Figure 3: Workflow of OpenVINOTM Operation TensorIterator

TensorIterator Runtime Optimization with Dynamic Shape

Before we dive into optimization details, let’s first checkout how OpenVINO^TM TensorIterator operation works.

The TensorIterator layer performs recurrent execution of thenetwork, which is described in the body, iterating through the data. Figure 3 shows the workflow of OpenVINO^TMOperation TensorIterator in a simplified view. For details, please refer to the specification.

Similar to other layers, TensorIterator has regular sections: input and output. It allows connecting TensorIterator to the rest of the IR. TensorIterator also has several special sections: body, port_map, back_edges. The principles of their work are described below.

body is a network that will be recurrently executed. The network is described layer by layer as a typical IR network.
port_map is a set of rules to map input or output data tensors of TensorIterator layer onto body data tensors. The port_map entries can be input and output. Each entry describes a corresponding mapping rule.
back_edges is a set of rules to transfer tensor values from body outputs at one iteration to body parameters at the next iteration. Back edge connects some Result layers in body to Parameter layer in the same body.

If output entry in the Port map doesn’t have partitioning (axis, begin, end, strides) attributes, then the final value of output of TensorIterator is the value of Result node from the last iteration. Otherwise, the final value of output of TensorIterator is a concatenation of tensors in the Result node for all body iterations.

We use Intel® VTune™ Profiler to run benchmark_app with DIEN FP32 IR model on Intel® Xeon® Gold 6252N Processor for performance profiling.

Cache internal reorder primitives in TensorIterator

Figure 4: PrepareDynamicBackEdges hotspot visualized in Vtune

Figure 4 shows that TensorIterator::prepareDynamicBackEdges() spends nearly 45% CPU time to create the reorder primitives. DIEN FP32 model has 2 TensorIterator, eachTensorIterator runs 100 iterations in body with the same input/output shape regarding the current batch. Besides, each TensorIterator has 7 back edges, which means the reorder primitive are frequently created.

So, we propose to cache internal reorder primitive in TensorIterator to optimize back edge memory copy logic. With this optimization, the performance with dynamic shape can be improved by 8x times.

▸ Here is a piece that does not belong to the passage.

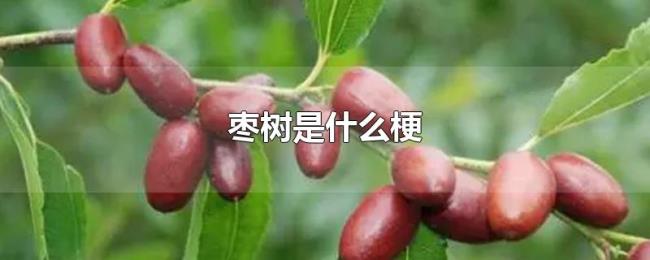 枣树是什么梗 枣树是什么梗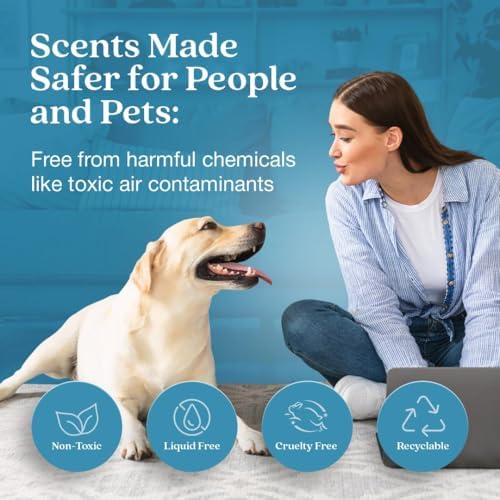 Enviroscent Scent Stix™ Starter Kit with Mango Wood Stand & Refill (1 Pack) - Image 2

Memory allocation and reuse optimization in TensorIterator

As Figure 3 shows, if we have split input as n_thpiece to loop in body, at the end, the outputs of TensorIterator will be a concatenation of tensors in the Result node for all body iterations, which can lead to performance overhead. Based on previous optimization we re-run performance profiling using benchmark_app with DIEN FP32 IR model on Intel® Xeon® Gold 6252N Processor as showed in Figure 5.

Figure 5: Memory allocation hotspot visualized in Vtune

CPU plugin TensorIterator supports both two operators - TensorIterator and Loop. The outputs of each iteration could be concatenated and return to users. Since the output size is not always known before the execution, the legacy implementation is to dynamically allocate the concatenated output buffer.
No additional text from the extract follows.